**WORK REQUEST:**
All lines from the one that contains "MIYIYQP for Samsung" to the end of the data must be retyped exactly. Pictures are not retyped.

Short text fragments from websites
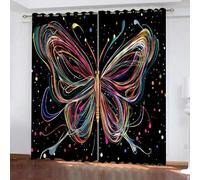 Tende Oscuranti Camera da Letto con Occhielli, 3D Stampa Farfalla colorata dei graffiti Pittura a olio Tende Oscuranti Termiche Isolanti per Soggiorno Moderne Decorazione Finestre 220 x 210 cm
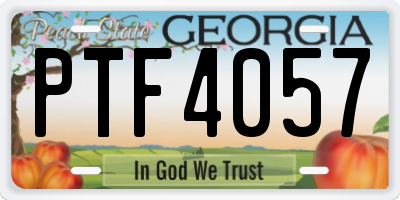 GA license plate PTF4057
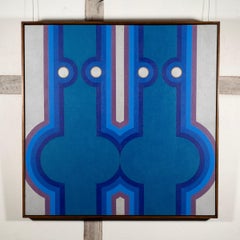 Standing Upright Forms, Acrylic on Canvas Painting by Thomas Nathaniel Davies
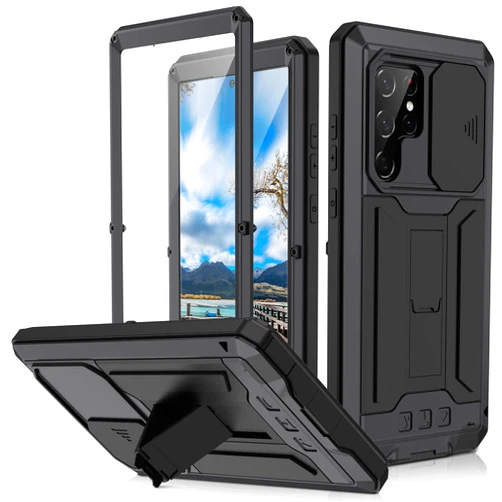 MIYIYQP for Samsung Galaxy S22 Ultra 5G Case, Aluminum Metal Gorilla Glass Waterproof Shockproof Military Heavy Duty Sturdy Protector Cover Hard Case for Samsung Galaxy S22 Ultra (S22 Ultra, Black-Ⅱ)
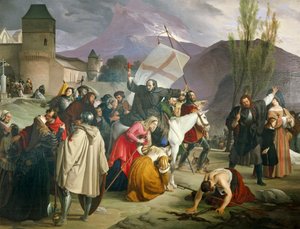 Peter der Einsiedler reitet auf einem weißen Maultier mit einem Kreuz in der Hand und predigt den Kreuzzug von Francesco Hayez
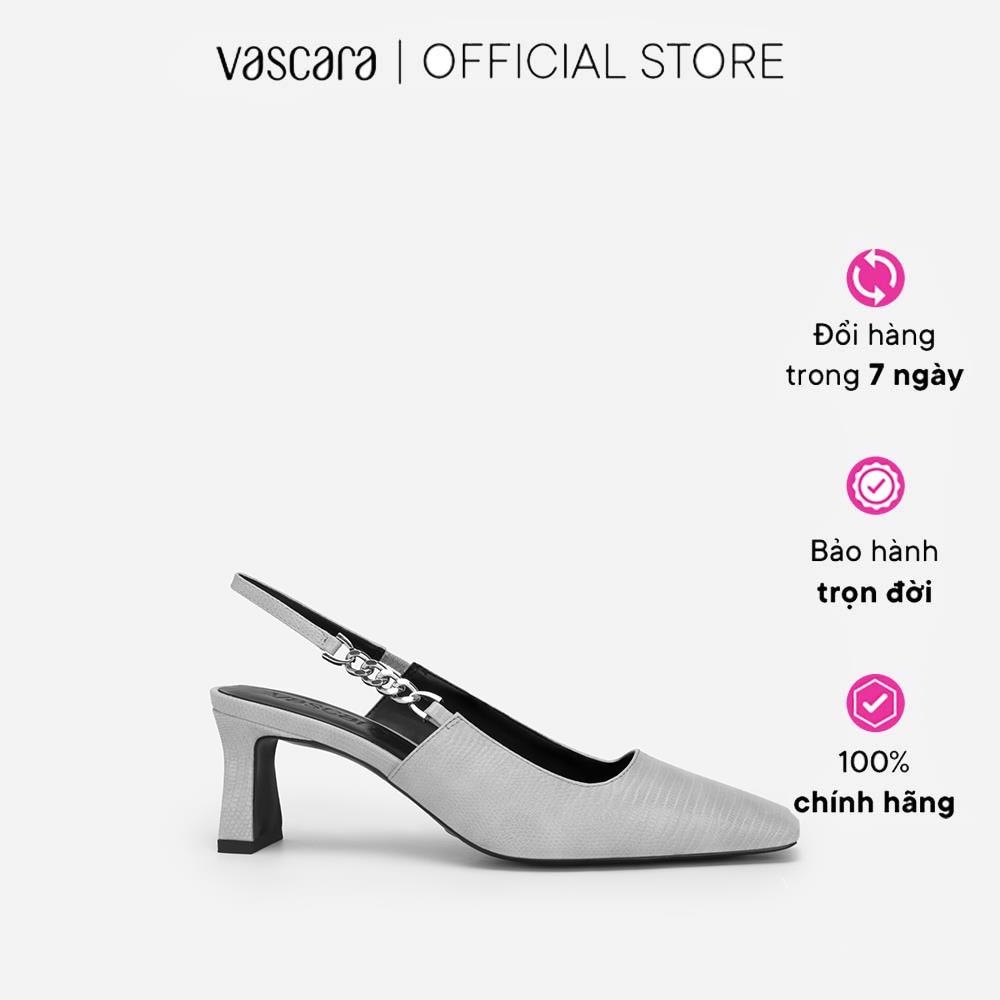 VascaraGiày Slingback Phối Xích Mũi Vuông Vân Kỳ Đà - BMN 0564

**YOUR SOLUTION:**
 MIYIYQP for Samsung Galaxy S22 Ultra 5G Case, Aluminum Metal Gorilla Glass Waterproof Shockproof Military Heavy Duty Sturdy Protector Cover Hard Case for Samsung Galaxy S22 Ultra (S22 Ultra, Black-Ⅱ)
 Peter der Einsiedler reitet auf einem weißen Maultier mit einem Kreuz in der Hand und predigt den Kreuzzug von Francesco Hayez
 VascaraGiày Slingback Phối Xích Mũi Vuông Vân Kỳ Đà - BMN 0564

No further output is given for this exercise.